What Ever Happened to the White Hats?

Going through the Guardian movie reviews I noted a certain ambivalence in the subjects. Most seem dark and depressed, even the children's movies like Prince Caspian had a lot of death. Now Terry Gilliam has a movie out starring a dead guy and his three substitutes. Wow. Should have started with Johnny Depp, he never dies. But there aren't any heroes like we had when the Lone Ranger was about. Some time around Batman, the movie, the world got a little darker. Might have been when the US of A started bombing villages to save Democracy. Or maybe it was when they killed Jack Kennedy. Dirty Harry never wore a white hat, although Clint did on occasion. My Dad wore a White hat, a Stetson, which is currently sitting on my armoire in the bedroom. I tried it on but it felt huge and tall and tight. Guess I'm no hero. Maybe I should use the hat to check on that aspect of suitors for Jess's hand in marriage. Try on the hat and see how it fits. Jess could probably fit the hat but she wouldn't try it on because it wouldn't suit her style.

Can a black man in a white hat be a hero in a bigotted country? Somehow I think not. Between the tap dancing and singing our President doesn't have time to do right. So we continue to drop bombs on children and call them collaterol damage, a term I have not heard from the White House since the Viet Nam genocide. Makes you wonder.
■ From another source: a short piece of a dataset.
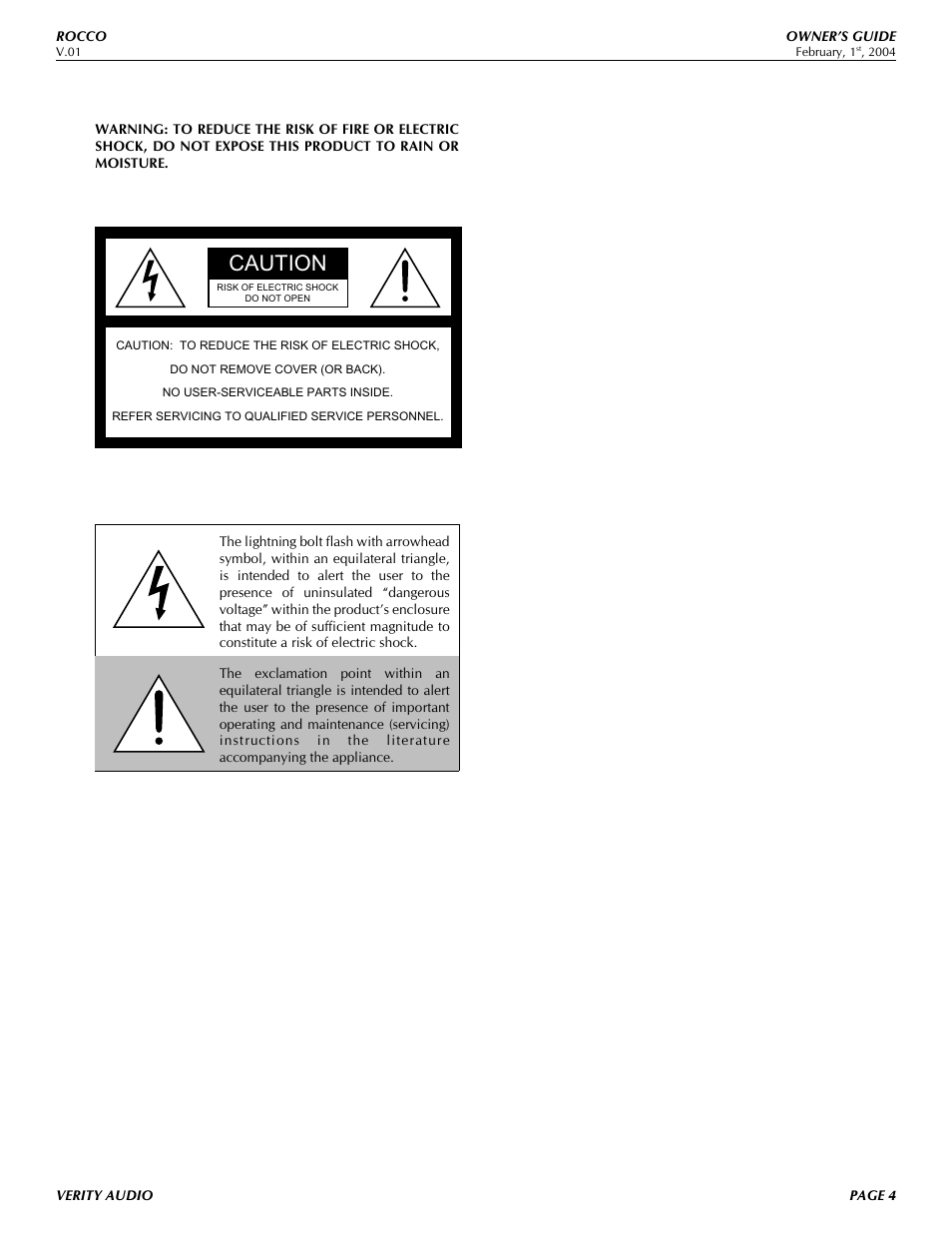 Caution | Verity Audio Rocco User Manual | Page 4 / 13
On the one hand we have the previous crowd of heroes still, but they are old, aged, tired and discouraged. Not that term. Cronkite still writes and speaks out for democracy for America, but the media will not cover anybody who acts like things are not well in America, the best of the best bar none, except immigrants. I would lke a political party in which the Jimmy Carters and Walter Cronkites spoke to the values we were taught about as kids in school. Those values which have been shelved for many years but still sound pretty good. You know, the kind wherein kids in high school are eager to join Peace Corps for a couple years before college rather than look for a snazzy college to get a good wage degree from. Nobody wants to be a hero if they have to live in squallor and drink heavily or eat messy hot dogs for lunch.  But the subtlety of this is so fine and clever. Note that since the early days of film the "bad guy" had wealth and a great home and a great looking bimbette. The hero lived in a house with a broken stair, cracked coffee cups and no girl friend at all unless you count the great gal he never kisses. Now we have guys who live in garbage cans as heroes. Not much to impress the children, eh? Small wonder they grow up wanting to be Wall Street speculators.

We can't just start making phony films showing rich powerful good guys because A) it's too soon and B) power and riches corrupt goodness, note the Pope. Batman is a fantasy, remember, who rarely gets laid. So somehow we need to show that even though you don't get rich, you can be happy with yourself and your kids won't think you're a loser if you fight the "Good Fight". You might even get laid. Robin Hood was a good guy who even started out rich but gave it up to fight the Bad Guy.

In India, in the good old days, maybe not so much nowadays, you would live hard until middle age and then, even if rich and powerful, you gave it all up and went to meditate by a stream clothed in a wrap and owning only a beggers bowl. You looked for peace and understanding, not wealth and power. That's India though and we think of them as "seriously messed up with funny accents". But it would be nice if somebody like Gates gave ALL ther money away in order to meditate on Life. It would be even better if the ex-Presidents all went from the White House to work in a soup kitchen. Until then I guess we'll have to make do with ancient mythology as a guide to ethical behavior and the value of a simple life.